Investors Agree: Plant-Based Eggs Are No Yolk

Hampton Creek’s eggs seem too good to be true, but big investments suggest they're the real deal.

Whether you’re a vegan or the most passionate of meat-lovers, here is an idea you have to admire: plant-based egg products. On its face, the idea seems strange, if not downright icky. But the concept behind Hampton Creek is not only sustainable, healthy, and environmentally friendly—it’s also economically sound.

And it sounds pretty tasty, too.

This week, the San Francisco-based food startup announced it raised $23 million in a round of funding led by Li Ka-shing, the wealthiest man in Asia. The investment adds to Hampton’s impressive catalog of financiers, which includes Jerry Yang, Peter Thiel, and Bill Gates, among others.

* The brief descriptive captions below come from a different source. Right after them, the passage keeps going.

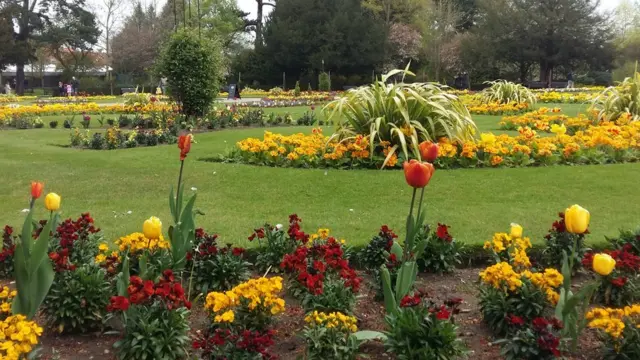 Abbey Gardens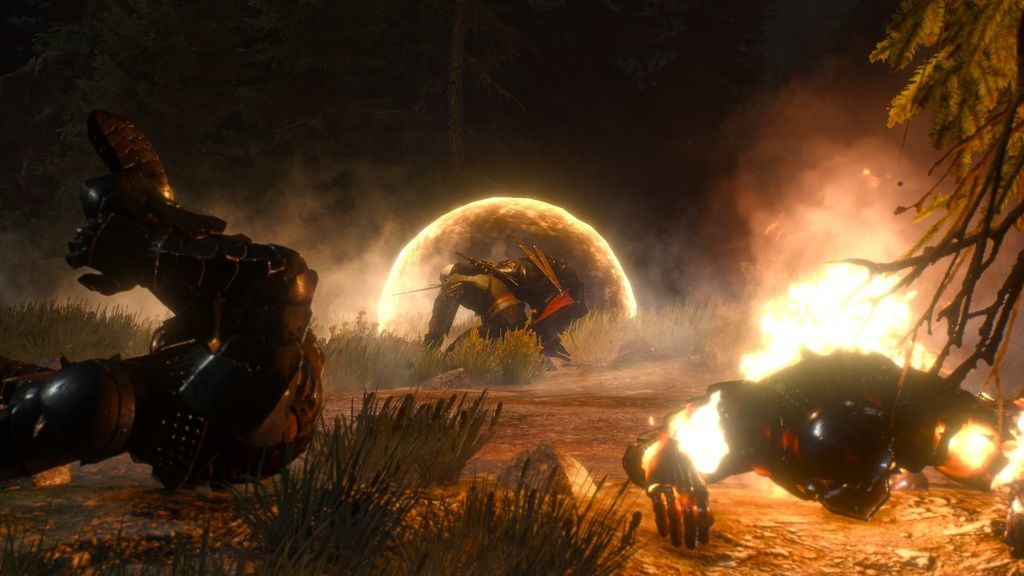 witcher3%202015-07-17%2016-49-00-13_zpsh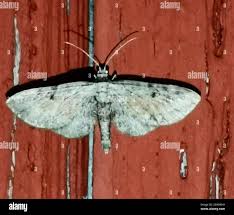 Image result for Eupithecia icterata
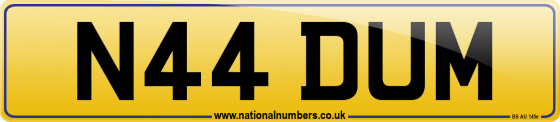 N44 DUM
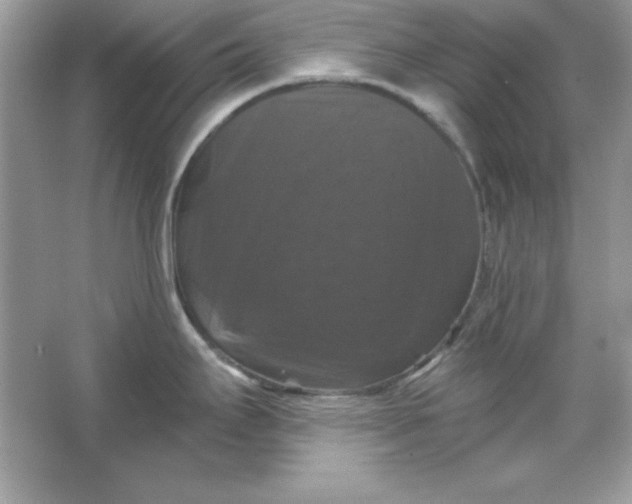 X0000066011295200603171456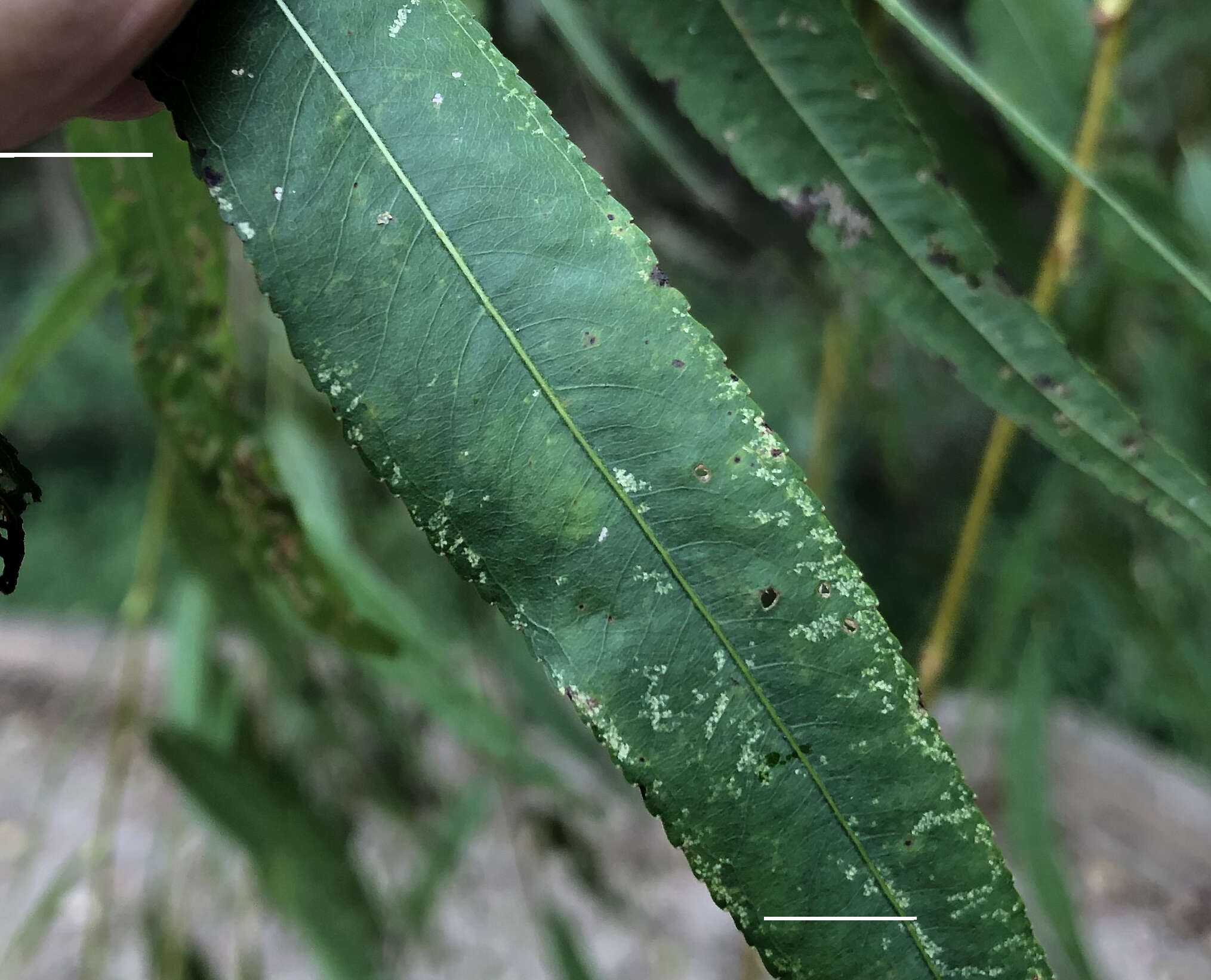 Image of Aspen blotch leaf miner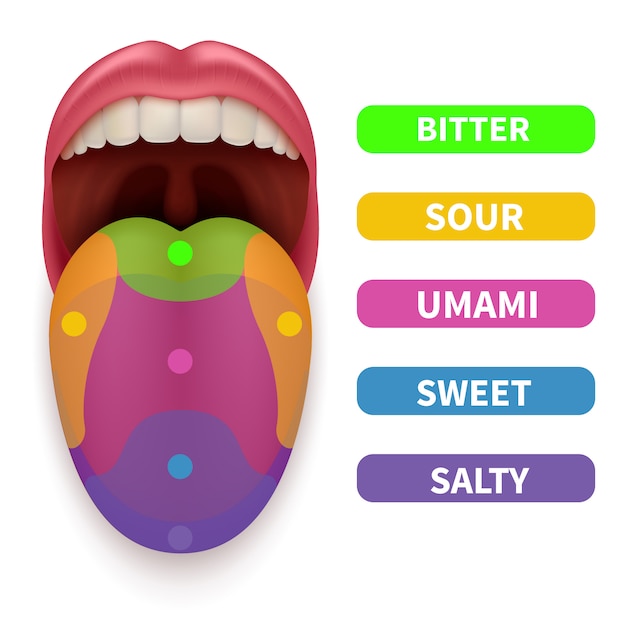 Vector realistic tongue with basic taste areas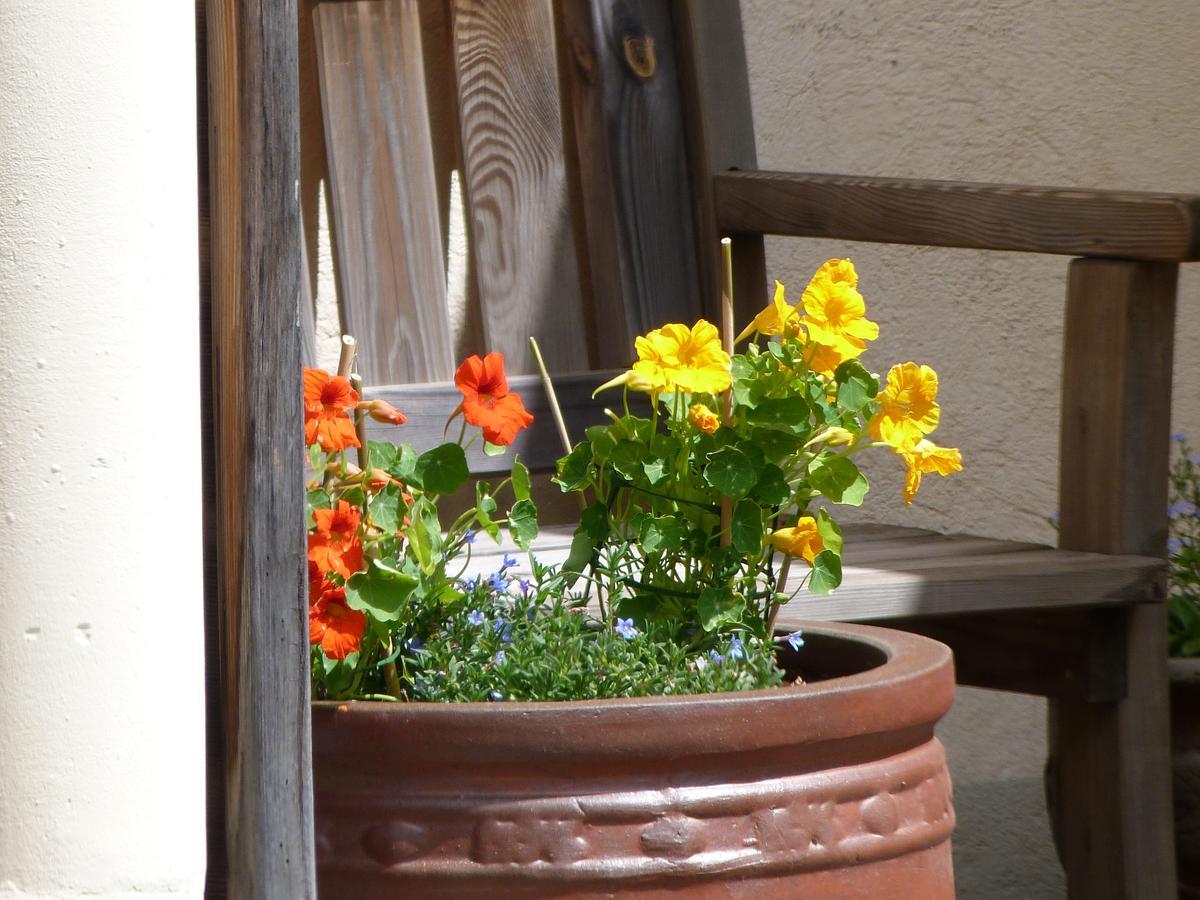 B & B Au Dela Du Temps Saint-Mamet Экстерьер фото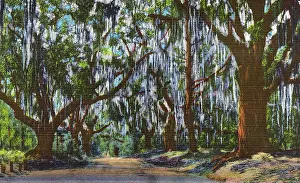 Dixie: Postcard booklet, oak trees draped with moss, USA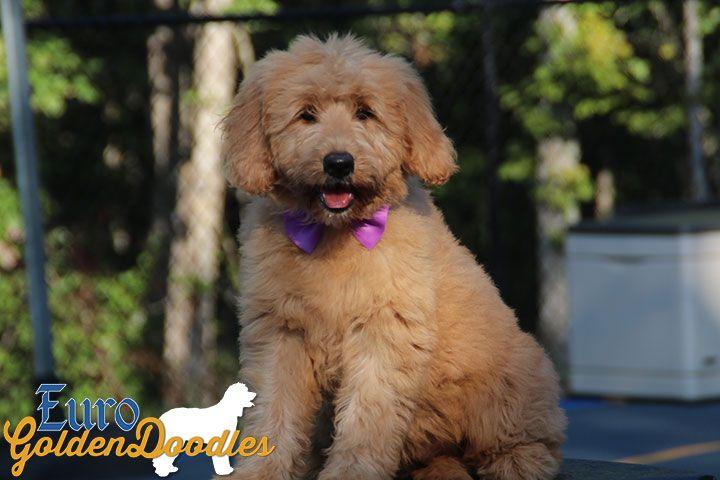 Goldendoodle Breeder Logo - Information About The English Teddybear Goldendoodle Breed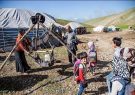 مدیرکل امور عشایری ایلام: تولید سالانه ۱۸۵۰ تن مواد لبنی توسط عشایر ایلام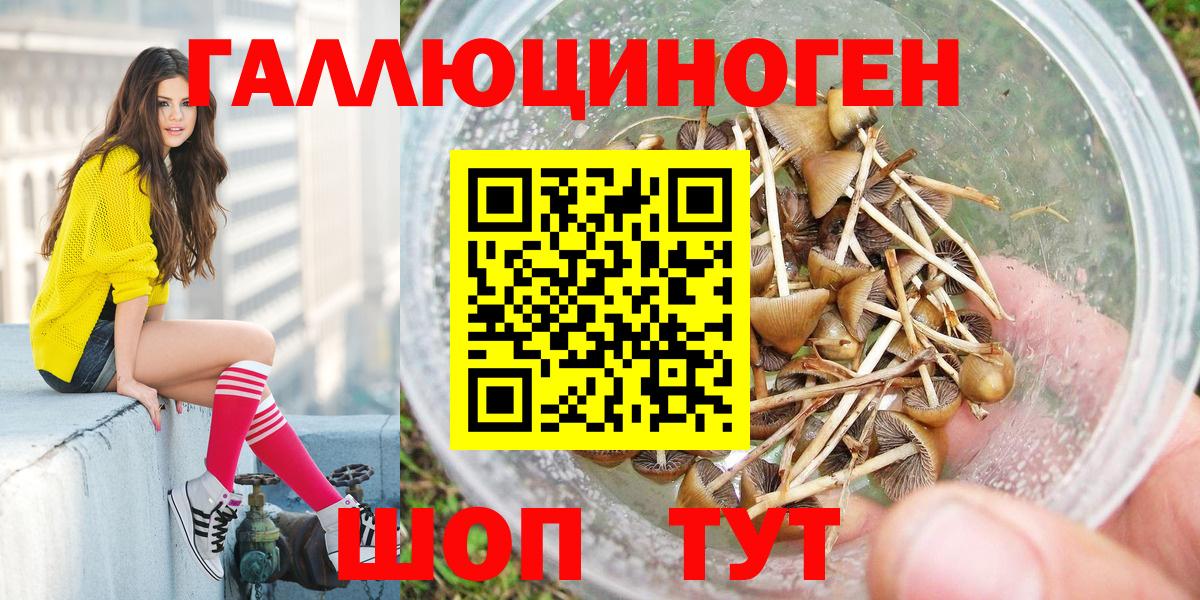 Рязань  Псилоцибиновые грибы ЛСД  Вход с VPN  Псилоцибиновые грибы прущие грибы 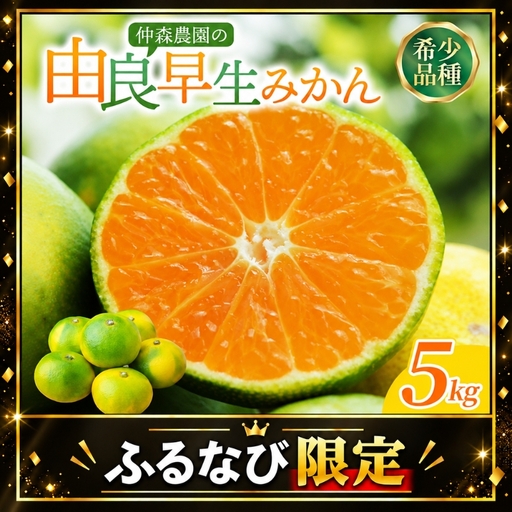 みかん 由良早生みかん 約5kg【nkmr0020】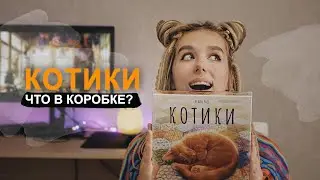 Настольная игра Котики: Уютная распаковка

So why are plant-based egg products turning the heads of so many wealthy investors? In short: the mission. Hampton Creek wants to replace the chicken egg and render the entire multi-billion dollar industry obsolete—along with its pollution, disease risk, and drain on the energy grid.

Hampton insists that the right combination of non-GMO plant-based products can emulate the taste and consistency of chicken eggs and, in the process, offer a healthier, more sustainable, and more humane option for egg-lovers.

But it’s not just your typical breakfast eggs that Hampton Creek wants to replace; the company is targeting baked goods, condiments, desserts, sauces—pretty much anything that uses standard chicken eggs.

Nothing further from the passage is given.